J’invite le scribe des discours du président de la République française à lire ces propos de l’homme bon, aussi très intelligent qu’attachant que fut le Pape Jean XXIII accueillant à Rome, à Pâques 1959, les Négro-Africains du 2° Congrès des Ecrivains et Artistes noirs. En 1956, la crise de la culture avait été le thème central du premier Congrès tenu à Paris le souci dominant était alors de situer les responsabilités et de dissiper les équivoques, parce que, « sous l’influence des intérêts colonialistes, les peuples d’Occident avaient accepté la notion de peuples sans culture » en ignorant la contribution des peuples afro-asiatiques au patrimoine humain et l’action consciente et méthodique exercée contre les cultures indigènes. D’entrée, Alioune Diop devait déclarer : « Les gouvernements coloniaux avaient beaucoup trop à dissimuler à leurs propres peuples pour tolérer que nos cultures portent témoignage contre I‘idéologie et l’ordre colonialistes. Nous fûmes longtemps, sous l’oppression de la puissance, des peuples muets et absents de la scène mondiale. »

A Rome, on 1969, le 2° Congrès avait pour titre : Unité et Responsabilité de la Culture négro-africaine. Il est significatif que « La culture africaine comme base d’une manière d’écriture originale » ait eu la part du lion dans ce congrès et que beaucoup de débats eussent été consacrés à la littérature ; n’empêche, le syntagme « le mouvement pour l’expression des idées africaines dans une écriture originale fut considéré comme « une révolte contre l’occident » bien qu’il n’y en eût la moindre idée, d’autant plus que »la force de ce mouvement » était essentiellement constructive, « avec une puissante passion pour la création et une conscience nouvelle de ses origines ». On en trouvait déjà des prémices dans nombre de romans, poèmes, nouvelles et pièces de théâtre conçus entre 1950 et 1959. Mieux que ceux pour qui « le mouvement pour l’expression des idées africaines dans une écriture originale était une révolte contre l’Occident, le Pape Jean XXIII avait compris les objectifs du congrès quand, souhaitant la bienvenue aux congressistes, il se référait à la ville de Rome et déclarait « C’est dans son cadre prestigieux que vous vous appliquez à étudier l’unité et les responsabilités d’une culture négro-africaine. Appartenant vous-mêmes à diverses nations de l’ancien et du nouveau monde, différents parla langue et par le style de vos oeuvres, vous vous affirmez liés par une unité, qui est celle de votre race d’origine, et par de communes responsabilités envers votre patrimoine ancestral. »
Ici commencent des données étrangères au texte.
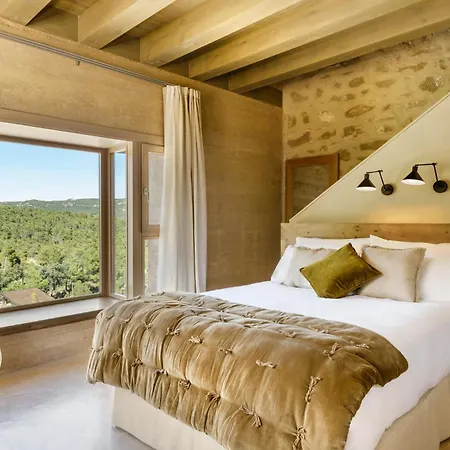 Torre Del Marques & Winery - Small Luxury Monroyo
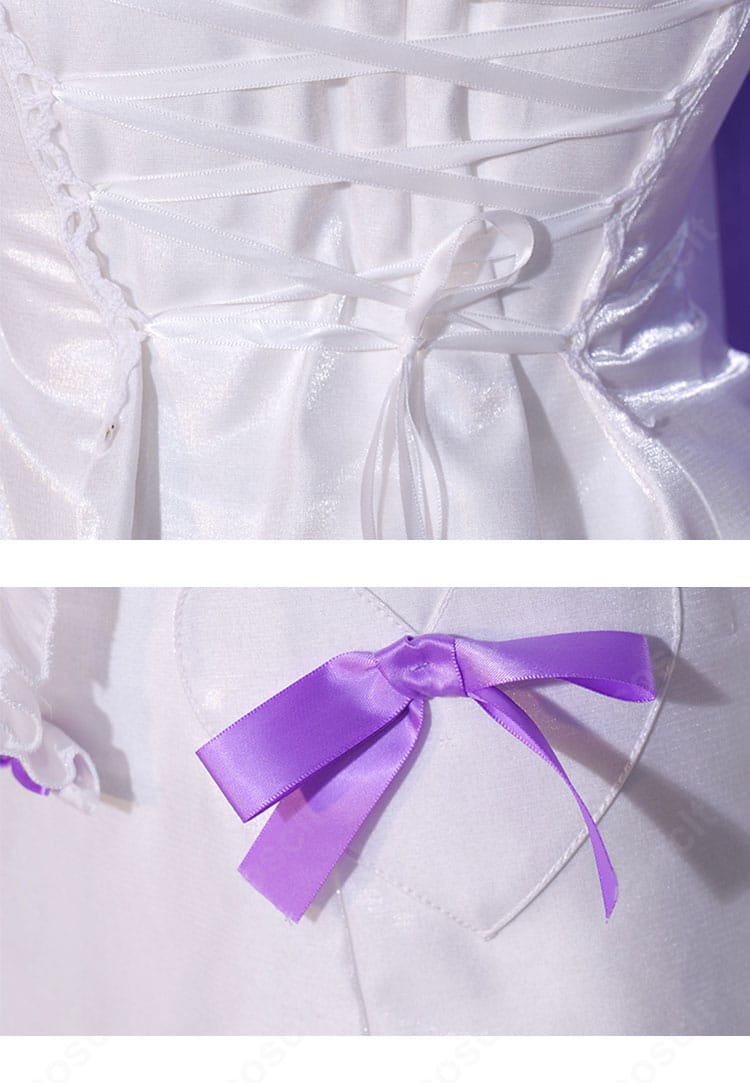 新里アズ 魔法衣装ver. コスプレ衣装の背面リボンと結び紐の装飾ディテール。華やかなバックスタイルを強調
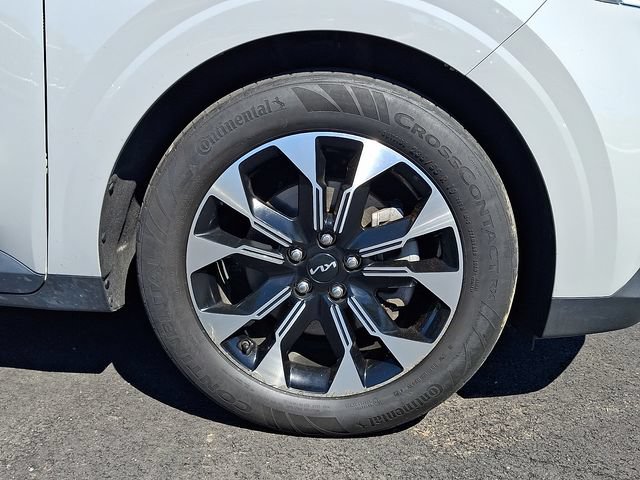 Certified 2024 Kia Carnival EX FWD image 8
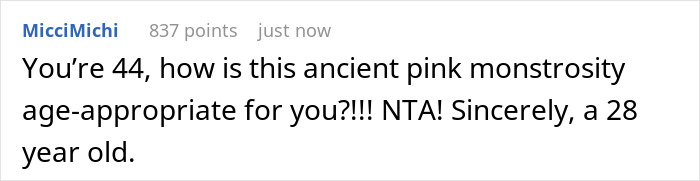 Bride Considers Her MIL's Dress For Upcoming Wedding 'Overly Sexy', Folks Online Don't Find It So Bride Considers Her MIL's Dress For Upcoming Wedding 'Overly Sexy', Folks Online Don't Find It So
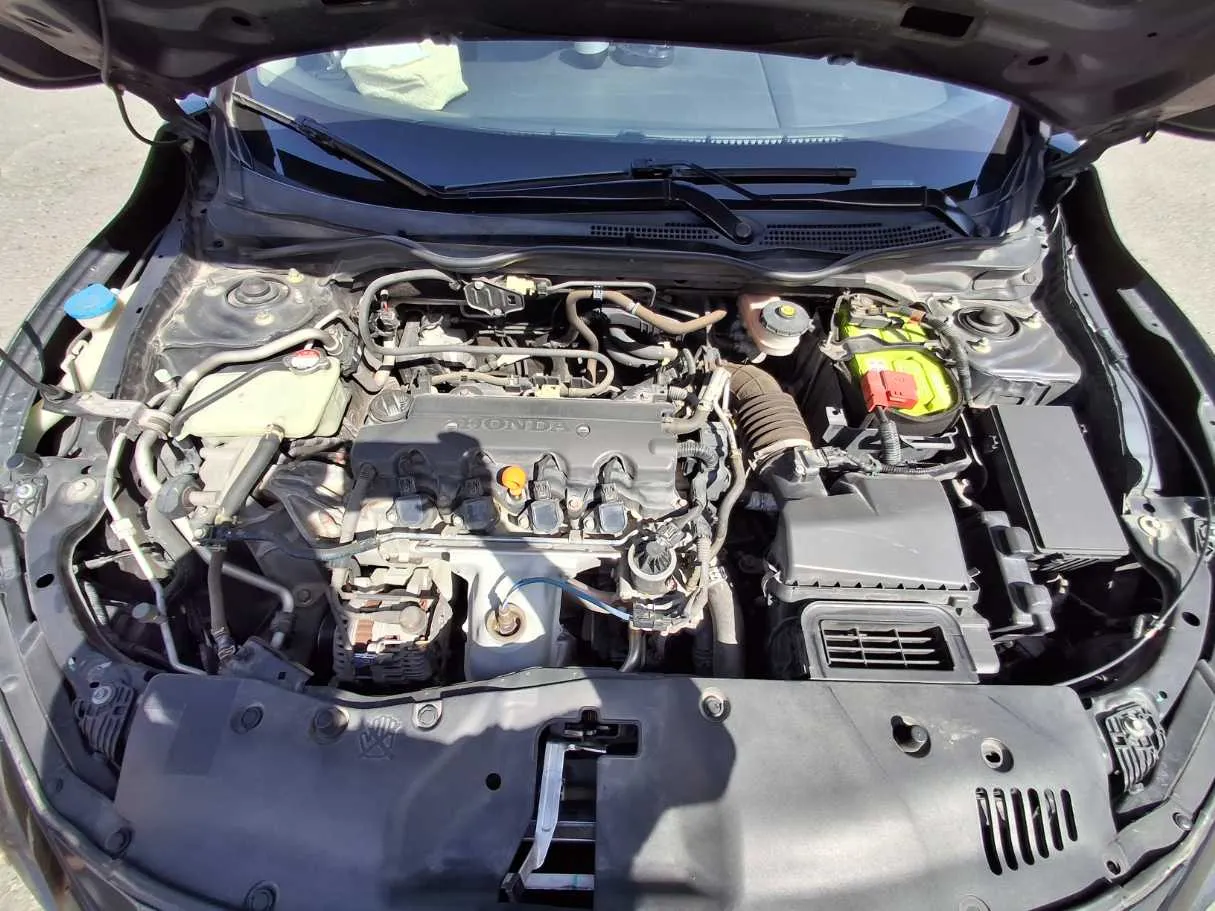 Car image 19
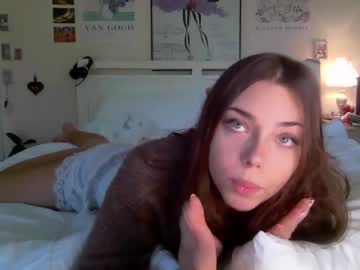 girl
        irisbb2003 cam image #3862830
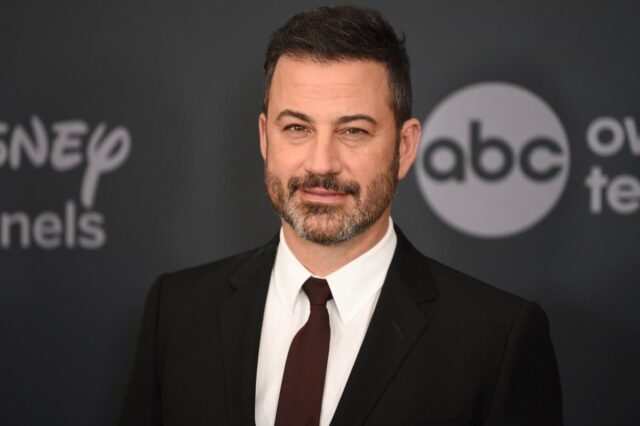 Jimmy Kimmel esmaga seu documento de pontuações noturnas no programa de retorno 

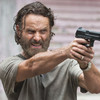 Živí mrtví: Scenárista přirovnává snímek o Ricku Grimesovi k Loganovi | Fandíme filmu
« L’Église apprécie, respecte et encourage un semblable travail d’investigation et de réflexion, qui a pour objet de dégager les richesses originales d’une culture propre, d’en retrouver les points d’appui dans l’histoire, d’en manifester les harmonies profondes à travers des expressions variées, d’en faire bénéficier enfin, par des oeuvres nouvelles, les pays respectifs auxquels vous appartenez. »
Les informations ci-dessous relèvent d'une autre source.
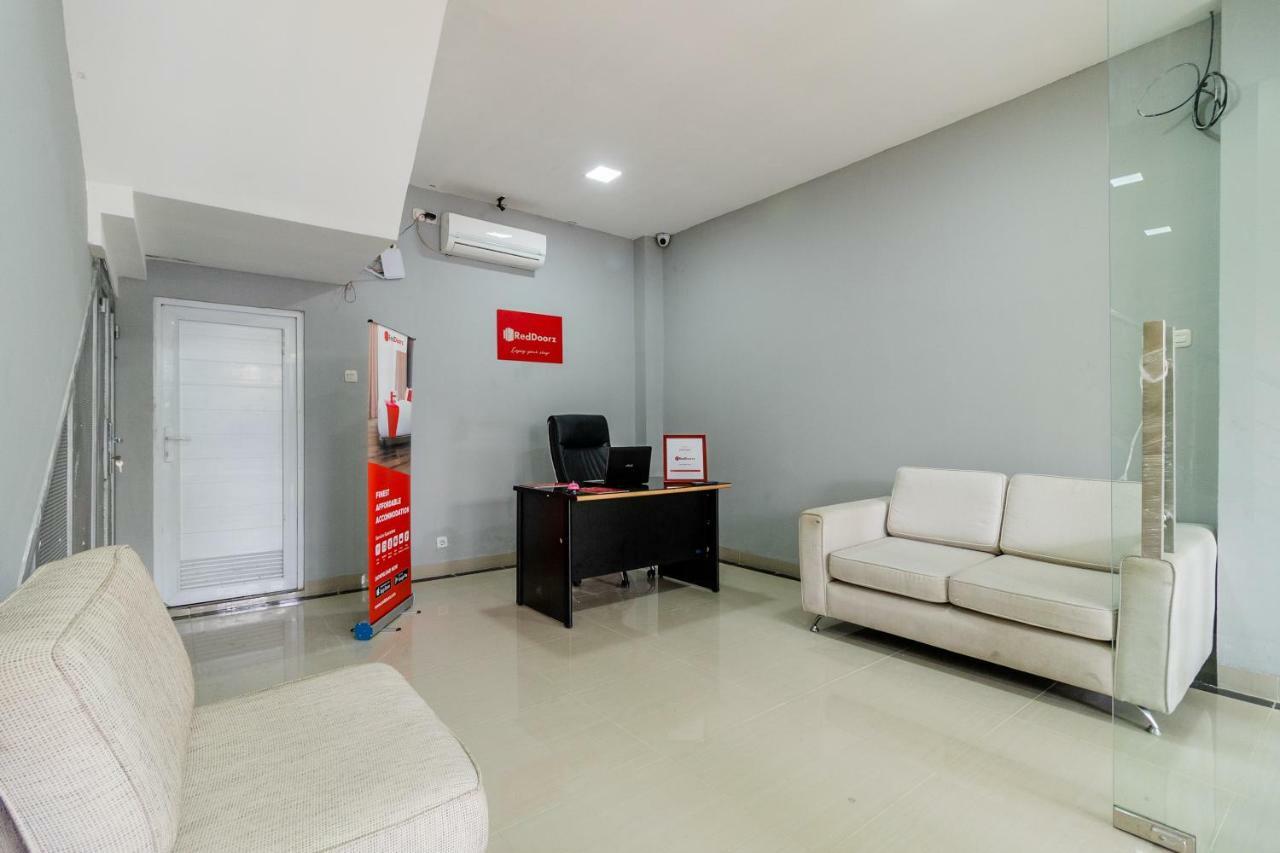 Reddoorz Near Plaza Atrium Senen Hotell Jakarta Exteriör bild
« Partout en effet où d’authentiques valeurs de l’art et de la pensée sont susceptibles d’enrichir la famille humaine, l’Eglise est prête à favoriser ce travail de l’esprit.(..] On ne peut donc que suivre avec intérêt, messieurs, vos efforts pour rechercher les bases d’une communauté culturelle d’inspiration africaine, en formant le voeu qu’elle repose sur de justes critères de vérité et d’action ! » Quiconque a lu intégralement cette déclaration singulière, s’en souvient un peu et réfléchit, évite d’écrire des sottises génératrices de conflits entre Africains et Européens, car, « ce que nous voulons, ce n’est pas connaître, c’est ce qu’on ne nous empêche pas de croire que nous savons déjà. » Nietzsche.